Gefängnisse einfach abschaffen

Sarah Yolanda Koss über die überfüllten deutschen Knäste

Vergitterte Fenster am Zellentrakt der JVA in Butzbach, Hessen
Vergitterte Fenster am Zellentrakt der JVA in Butzbach, Hessen

Es ist wieder einmal soweit: Die deutschen Justizvollzugsanstalten platzen aus allen Nähten. Über 90-prozentige Auslastung vermelden Bremen, Hamburg, Baden-Württemberg und das Saarland. In Rheinland-Pfalz gibt es gar keine freien Plätze mehr, dafür Mehrfachbelegungen in den Räumen. In der Regel folgt aus derlei Meldungen Vorhersehbares. Nämlich Rufe nach mehr Investitionen in die Knast-Infrastruktur. Im Normalfall lässt auch die Gewerkschaft des Bundes der Strafvollzugsbediensteten nicht lange auf sich warten und schreit nach mehr Personal.

Dabei ist inzwischen eingehend erforscht: Mehr Gefängnisse führen zu mehr Inhaftierten führen zu mehr Gefängnissen führen zu mehr Inhaftierten. Gerichte neigen dazu, vorhandene Haftplätze zu füllen. Da beißt sich die Katze in den Schwanz. Darüber hinaus funktioniert die deutsche Resozialisierung nicht: Beinahe jede zweite Person wird nach der Entlassung aus einer Haftstrafe rückfällig, viele landen wieder hinter Gittern. Die Logik, wie jahrelange Isolation, oft einhergehend mit Job- und Wohnungsverlust, dazu führen soll, dass sich Menschen besser in eine Gesellschaft integrieren, erschließt sich ohnehin nicht.
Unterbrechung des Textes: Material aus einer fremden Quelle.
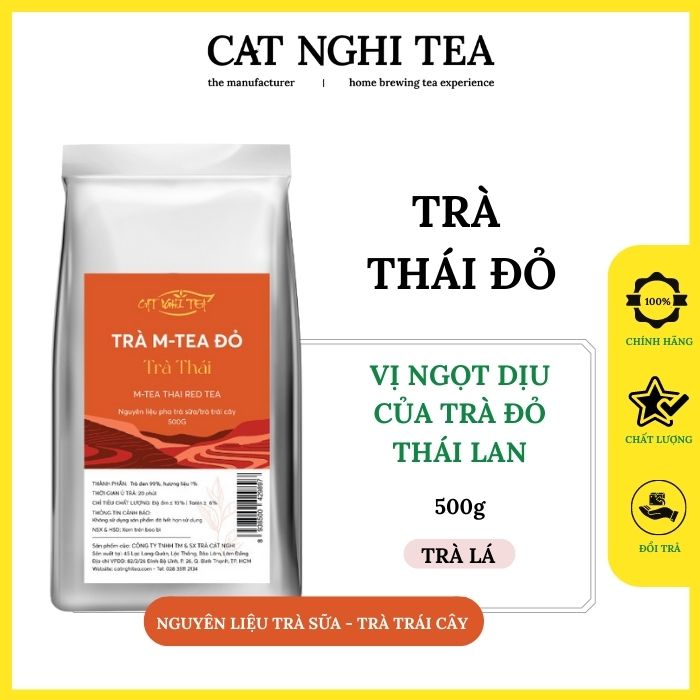 Trà Thái Đỏ [500g - vị trà Thái ngọt dịu] Trà đen CAT NGHI TEA, Nguyên liệu chuẩn pha trà sữa và trà trái cây thơm ngon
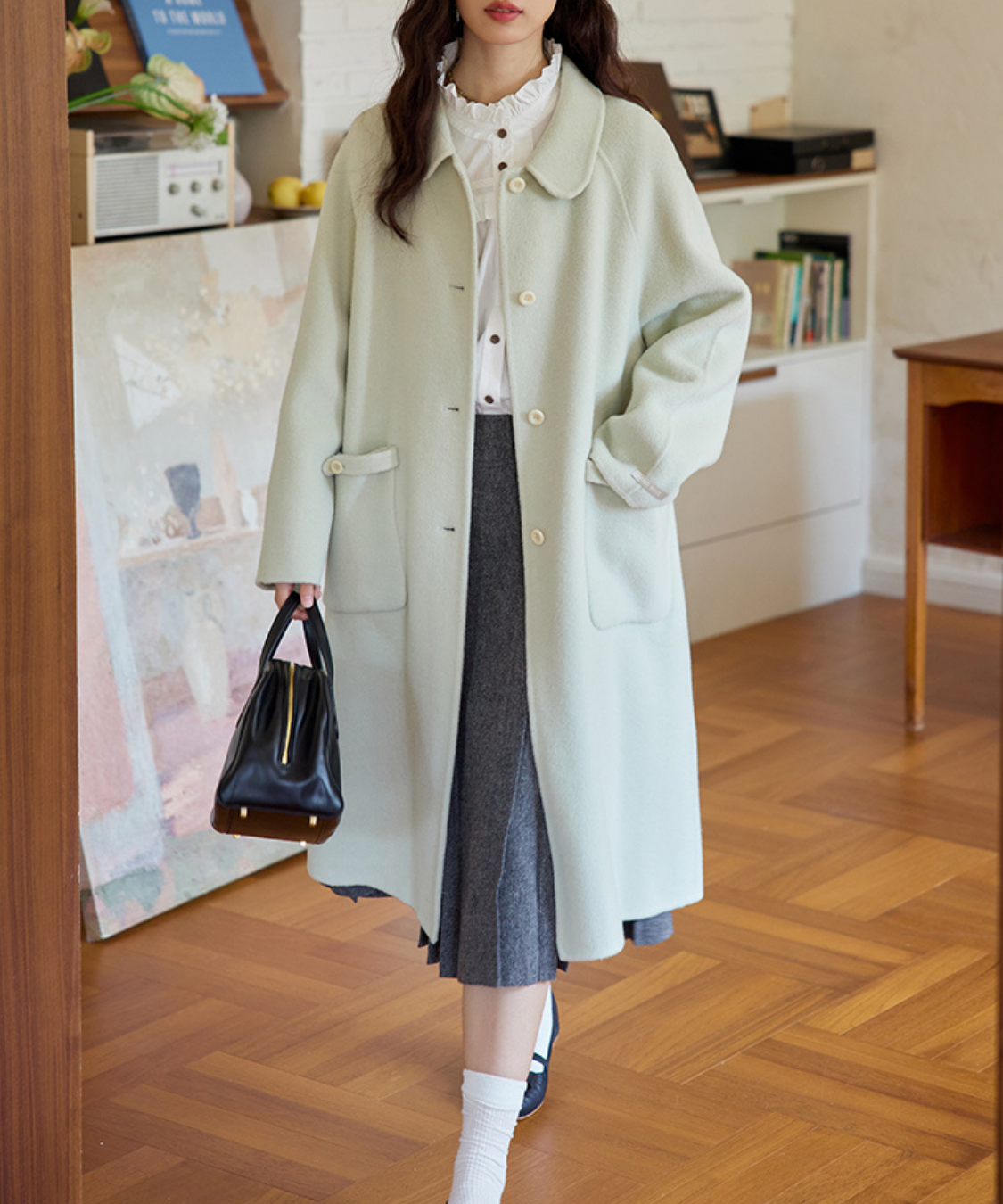 サイドボタンディテールラップ風プリーツスカート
Deutlich sinnvoller wäre es dagegen, die Entkriminalisierung voranzutreiben, also weniger Delikte zu sanktionieren und die Gefängnisse so zu leeren. Klassistische Strukturen wie Ersatzfreiheitsstrafen, die de facto dazu führen, dass Menschen es sich leisten können müssen, ihre Freiheit zu kaufen, könnten als Erstes abgeschafft werden. Dass das eine realitätsnahe Forderung ist, zeigte sich während der Pandemie. Damals wurden jene Strafen ausgesetzt, um in den Anstalten das Ansteckungsrisiko durch Überbelegungen zu minimieren. In vielen anderen Ländern kam es während der Pandemie im Übrigen aus demselben Grund zu Massenentlassungen aus Knästen. Und davon ging die Welt auch nicht unter.